Criminals don’t take Fall Break

By Michael McFall, Staff Writer

Students hightailed it off campus last week, leaving nothing but midterms and yellow leaves in their wake. But criminals didn’t take a Fall Break off from mischief.

During the break from Oct. 10 to Oct. 18, there were 29 reported offenses on campus8212;about the same number of crimes that usually occur on campus, with or without its studious occupants. The week before Fall Break there were only 21 offenses, when the campus’ thousands of potential eyewitnesses were still around. Two weeks before the break also had 29 crimes, and there were 24
crimes three weeks before that, according
to U public safety records.

“It stays just as busy here during the break,” U Police Capt. Lynn Mitchell said. Students have an impression that the campus quiets down, but crime remains as rampant as ever, he said.

Charles McGarvey, a junior business major, stuck it out during Fall Break instead of leaving. He said he wasn’t the least bit surprised to hear that crime continued as strong as ever during the vacation, even though he thought it might be quieter.

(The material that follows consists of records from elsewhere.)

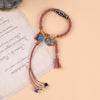 Close-up of a red and orange braided bracelet with a black and white Dzi bead and tassel charms.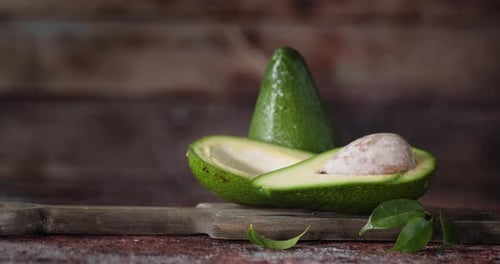 Avocados on Cutting Board Being Spritzed with Water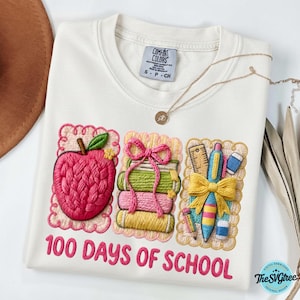 Pu&ograve; includere: Felpa Comfort Colors bianca con ricami a tema scolastico. Presenta una mela, libri e materiale scolastico. Il testo "100 DAYS OF SCHOOL" &egrave; ricamato in rosa. Una collana d'oro &egrave; drappeggiata sulla maglietta.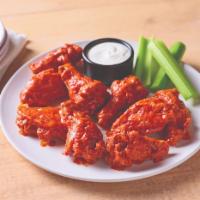 Double Crunch Bone-In Wings · Twice battered and fried, these crisp outside, tender inside wings and tossed in a choice of...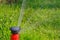 Close-up of orange automatic sprinkler while grass irrigation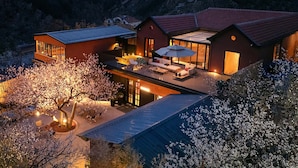 A modern house with a large patio area, surrounded by mountains. - TOPSCAPE Yangshan Hotel (Qingdao)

About one-third of the reported offenses were theft, comprising the majority of the vacation’s crime. While every other crime occurred in equally small amounts, everything from three bicycles to a missing backpack, from all over campus.

One student victim who remained on campus left his laptop in the Health Science Education Building on Oct. 15. When he returned from the restroom two minutes later, he saw his laptop’s power cord still plugged into the wall, but no laptop on the other end. After searching the building, he reported seeing two males in their 20s “nervously” walking away from HSEB, and told campus police it was suspicious.

However, the Fall Break criminals steered relatively clear of the corner of campus where the students still remained. Only three crimes were reported in the student housing areas during the break. One theft and two domestic disturbances came out of the student apartments in East and West Village.

Last year’s Fall Break had 27 reported offenses. Theft comprised the majority of crimes during that year’s Fall Break as well. Criminal mischief, such as suspicious beer cans, came in second as about one-fifth of the crimes reported. It was the first year that the U allowed students a week off in the middle of the semester. Before 2007, Fall Break was only two days long.

More than 75 percent of the criminals on campus are not associated with the school, Mitchell said. A break means nothing to someone who isn’t a student or faculty member. If anything, it’s better for them, he said. Those criminals take advantage of a good situation for them, such as a deserted campus with almost no bystanders to deter or report them. Campus police still patrol the area, but wouldn’t mind it if criminals would make like the students leave.

“We’re all staying busy here,” said Chief of Police Scott Folsom.